# What the task requires
A word-for-word repetition of all the entries is needed.

# Raw data
········
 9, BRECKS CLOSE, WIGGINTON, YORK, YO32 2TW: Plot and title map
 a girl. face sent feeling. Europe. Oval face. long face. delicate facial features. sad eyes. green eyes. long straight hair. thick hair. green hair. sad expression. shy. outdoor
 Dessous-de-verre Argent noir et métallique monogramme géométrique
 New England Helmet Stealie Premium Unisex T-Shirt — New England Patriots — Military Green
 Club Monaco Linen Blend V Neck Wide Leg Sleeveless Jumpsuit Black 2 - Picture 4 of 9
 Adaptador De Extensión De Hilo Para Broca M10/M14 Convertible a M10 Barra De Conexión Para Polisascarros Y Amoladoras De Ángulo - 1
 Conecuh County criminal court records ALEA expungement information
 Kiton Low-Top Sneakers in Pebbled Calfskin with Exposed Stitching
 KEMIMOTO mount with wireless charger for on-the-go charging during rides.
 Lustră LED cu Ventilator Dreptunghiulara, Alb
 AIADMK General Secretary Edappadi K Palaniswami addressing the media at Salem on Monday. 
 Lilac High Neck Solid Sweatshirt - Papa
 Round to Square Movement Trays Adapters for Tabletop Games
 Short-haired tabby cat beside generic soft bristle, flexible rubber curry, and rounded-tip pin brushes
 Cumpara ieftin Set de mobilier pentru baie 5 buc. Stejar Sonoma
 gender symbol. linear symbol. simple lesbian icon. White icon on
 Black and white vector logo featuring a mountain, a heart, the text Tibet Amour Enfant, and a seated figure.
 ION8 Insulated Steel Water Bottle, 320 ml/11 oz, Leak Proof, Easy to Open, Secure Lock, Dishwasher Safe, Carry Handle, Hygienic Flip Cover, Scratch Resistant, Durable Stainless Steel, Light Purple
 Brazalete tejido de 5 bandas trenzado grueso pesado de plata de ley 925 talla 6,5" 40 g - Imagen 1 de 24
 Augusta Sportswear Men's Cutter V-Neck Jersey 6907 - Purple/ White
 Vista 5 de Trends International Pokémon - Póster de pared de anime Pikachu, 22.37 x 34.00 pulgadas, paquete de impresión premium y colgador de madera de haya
········
# Response area
 9, BRECKS CLOSE, WIGGINTON, YORK, YO32 2TW: Plot and title map
 a girl. face sent feeling. Europe. Oval face. long face. delicate facial features. sad eyes. green eyes. long straight hair. thick hair. green hair. sad expression. shy. outdoor
 Dessous-de-verre Argent noir et métallique monogramme géométrique
 New England Helmet Stealie Premium Unisex T-Shirt — New England Patriots — Military Green
 Club Monaco Linen Blend V Neck Wide Leg Sleeveless Jumpsuit Black 2 - Picture 4 of 9
 Adaptador De Extensión De Hilo Para Broca M10/M14 Convertible a M10 Barra De Conexión Para Polisascarros Y Amoladoras De Ángulo - 1
 Conecuh County criminal court records ALEA expungement information
 Kiton Low-Top Sneakers in Pebbled Calfskin with Exposed Stitching
 KEMIMOTO mount with wireless charger for on-the-go charging during rides.
 Lustră LED cu Ventilator Dreptunghiulara, Alb
 AIADMK General Secretary Edappadi K Palaniswami addressing the media at Salem on Monday. 
 Lilac High Neck Solid Sweatshirt - Papa
 Round to Square Movement Trays Adapters for Tabletop Games
 Short-haired tabby cat beside generic soft bristle, flexible rubber curry, and rounded-tip pin brushes
 Cumpara ieftin Set de mobilier pentru baie 5 buc. Stejar Sonoma
 gender symbol. linear symbol. simple lesbian icon. White icon on
 Black and white vector logo featuring a mountain, a heart, the text Tibet Amour Enfant, and a seated figure.
 ION8 Insulated Steel Water Bottle, 320 ml/11 oz, Leak Proof, Easy to Open, Secure Lock, Dishwasher Safe, Carry Handle, Hygienic Flip Cover, Scratch Resistant, Durable Stainless Steel, Light Purple
 Brazalete tejido de 5 bandas trenzado grueso pesado de plata de ley 925 talla 6,5" 40 g - Imagen 1 de 24
 Augusta Sportswear Men's Cutter V-Neck Jersey 6907 - Purple/ White
 Vista 5 de Trends International Pokémon - Póster de pared de anime Pikachu, 22.37 x 34.00 pulgadas, paquete de impresión premium y colgador de madera de haya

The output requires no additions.